Moving On And Up
Caray went on to broadcast one season with the Oakland A's, but in 1971 began work with WFLD in Chicago as a broadcaster for the Chicago White Sox. He worked at Comiskey Park for eleven seasons. John M. McGuire of the St. Louis Post-Dispatch wrote, "Caray's firing was the best thing that could have happened to him. Because Chicago and Caray were made for each other." At one point during his tenure with the White Sox, the team's owner fired him because of his tendency to speak his mind on the air. When the White Sox were bought out months later, he was rehired. O'Neill stated, "Flaws in Caray's character are what made him so endearing."
Caray had made quite a name for himself in the broadcasting business. O'Neill explained, "For those who could not get to a game, listening was just as good, maybe better." O'Neill noted that throughout the years, "he became beloved as a symbol." Most people either loved him or hated him. He was one of a kind, and his broadcasts showed that style only he had. Not only that, but "he loved people from all walks of life," long time friend Otis Dunlap stated in an interview with McGuire.

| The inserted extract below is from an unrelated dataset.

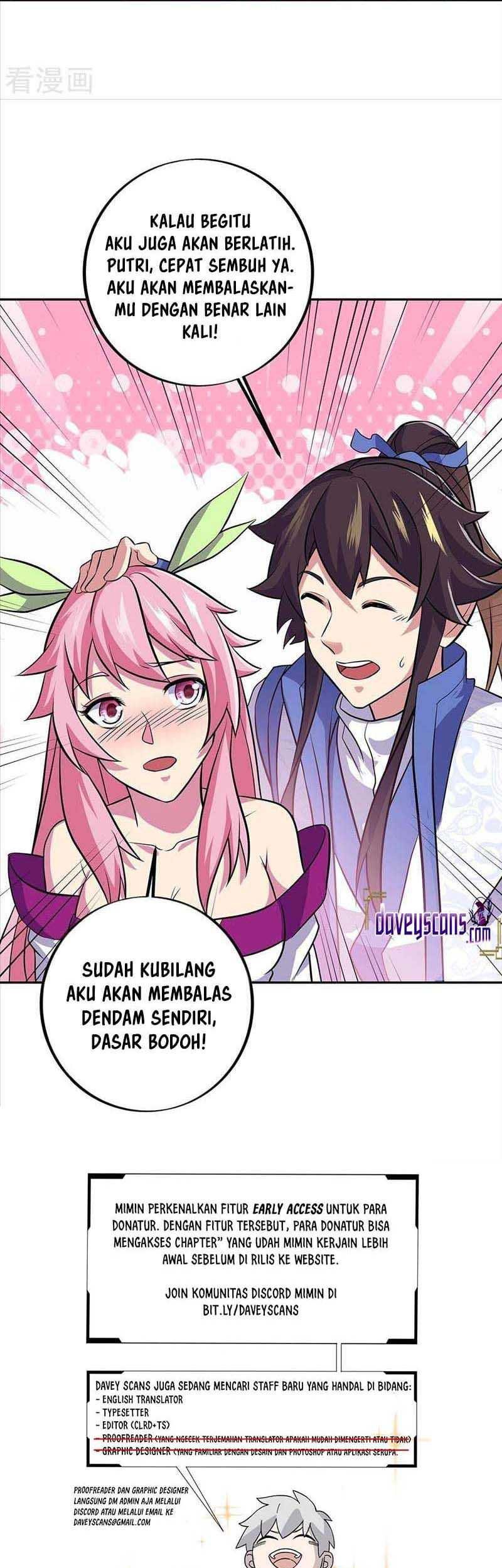 Peerless Soul Chapter 309 - halaman 45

Dave Luecking with the St. Louis Post-Dispatch stated that "he considered all the fans his best friends." He never held back his disappointment with a player who made a bad move, nor held back praises when a home run was hit. In fact, he coined the phrases "It might be … it could be … it is! A homerun!" and "Holy Cow!" "Harry's passion for the game is so real. People identify with that," shared Bob Costas in an interview with Luecking.

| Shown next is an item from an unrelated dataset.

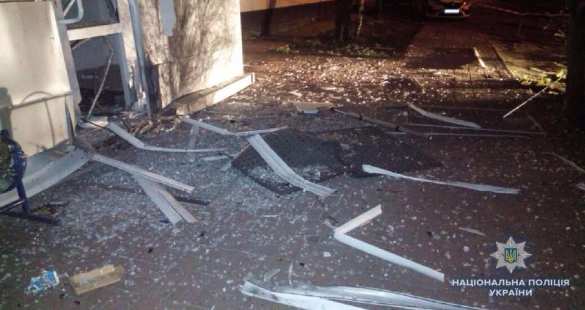 Типичная Украина: в Киеве прогремел взрыв (ФОТО) | Русская весна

Caray left the White Sox in 1982 to go across town to start broadcasting for the Chicago Cubs on WGN-TV. It was there he stayed until his death. In fact, according to Rod Beaton of USA Today, when asked when he was going to retire, Caray was quoted as saying, "I'll keep going until I die on the job someday." Caray endeared himself to the infamous Cubs fans immediately. One of the traditions was for him to sing "Take Me Out to the Ballgame" at the bottom of the 7th inning. That tradition started when he was singing in the broadcast booth one day and owner Bill Veeck got a kick out of his enthusiasm and turned on the PA system for everyone to hear.